Fixed assets like land, buildings, machineries, equipments, vehicles and furniture are required to conduct business activities. These assets can be utilized for future years in the business. Here all long-term assets and their values that are included in the production, marketing and administrative plans mentioned earlier are considered as fixed assets of the business.

Expenses that should be incurred prior to business startup

We have studied the expenses that should be incurred prior to business startup in the section above. All those expenses are taken in to consideration when preparing the total investment estimate.

Expenses required to conduct the day today business activities

Entrepreneur should possess an adequate amount of funds at the beginning of the business in order to conduct the business activities continuously and smoothly. The amount of cash required to conduct the day today business activities are also known as working capital.

When deciding the initial working capital requirement of the business, it is necessary to calculate the production, marketing and administrative expenses that are required from the beginning of the business activities till cash flows in to the business.

Such working capital is estimated based on funds required for all expenses for the above said period including materials, employee salaries, water, telephone, advertising, distribution, rental and interest should be calculated.

It is unfavorable for a business to have an excessive working capital or a deficit and should maintain on an optimum level. If adequate working capital is not within the business, the smooth and continuous flow of business activities will be disrupted.

Examples :- If enough cash is not available to buy the raw materials in due time, the business will not be able to do their production. As a result, all the business activities will be stagnated and delayed and business will generate losses.

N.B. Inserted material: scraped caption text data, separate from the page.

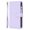 Purple, variant on for iPhone 13 Pro Zipper Wallet Case with Wrist Hand Strap & Card Slots Holder, Business PU Leather Shockproof Flip Kickstand Purse Protective Cover Case for iPhone 13 Pro, Purple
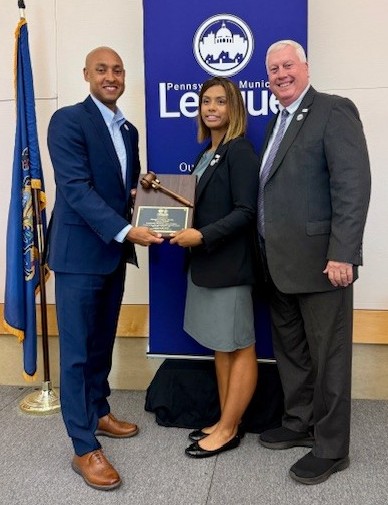 Ferguson Township Manager Centrice Martin is The League’s New President and Cresent Township Commissioner Todd Miller is The Pennsylvania State Association of Township Commissioners’ New President
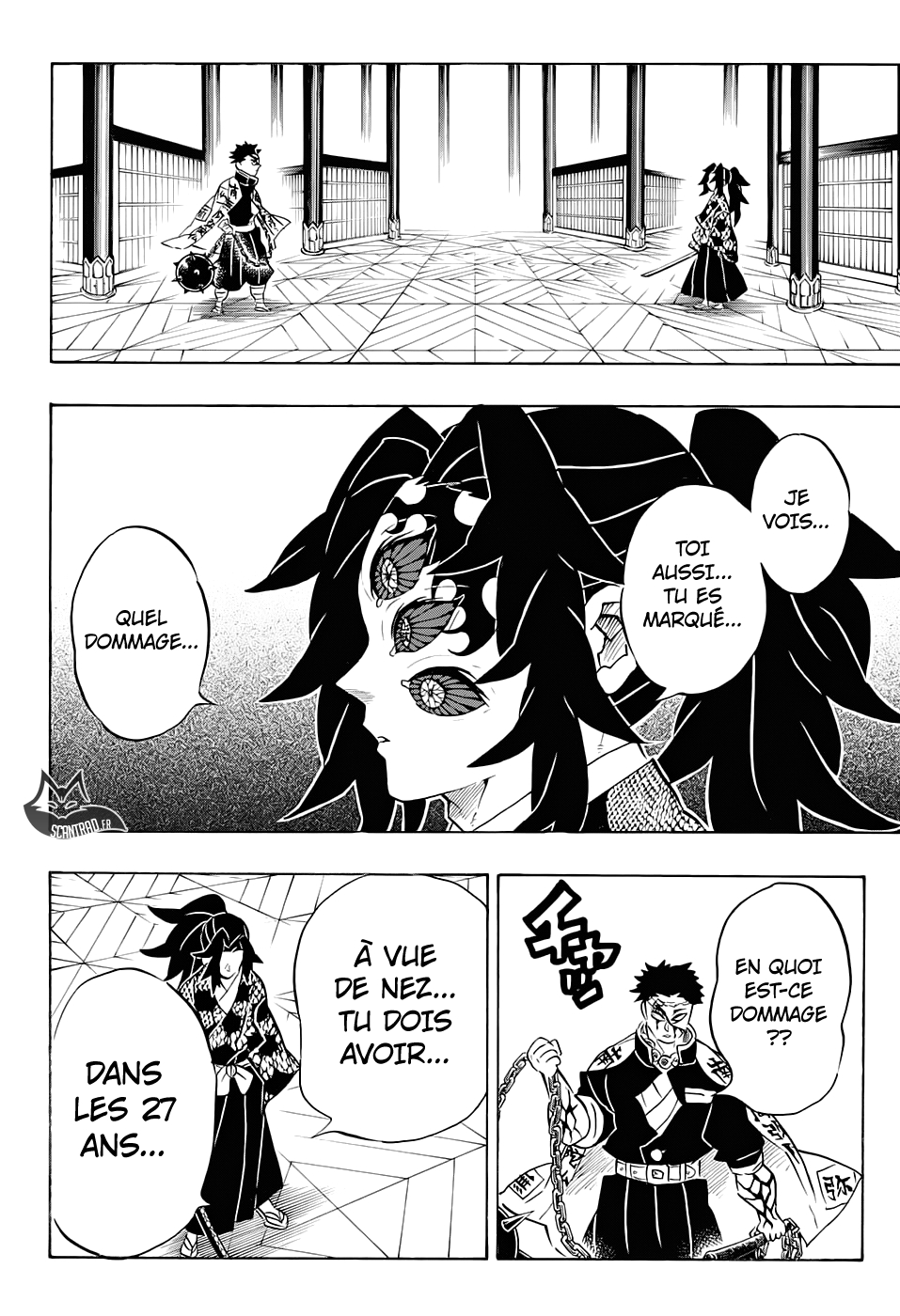 Read Demon Slayer Kimetsu no Yaiba FR Manga Online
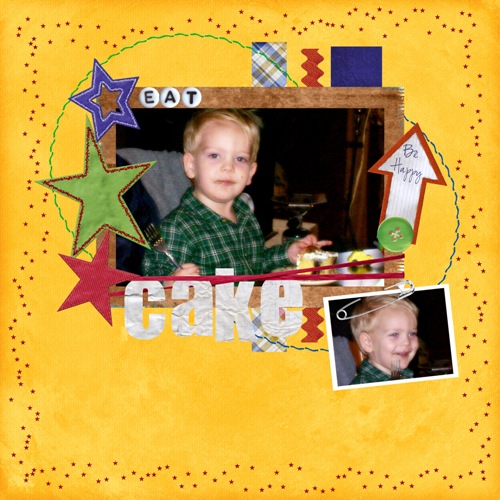 Eat Cake - Be Happy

The risk of maintaining a working capital surplus is the loss of income that can be earned by investing the money in another investment.

Having to pay a higher interest or comply with disadvantageous conditions when getting money instantly for a certain requirement could arise due to a working capital deficit.

After deciding the value of fixed assets, pre-startup costs and working capital requirement, it is necessary to decide whether the business is going to cover those requirements through the owners’ investments or funds acquired from external parties.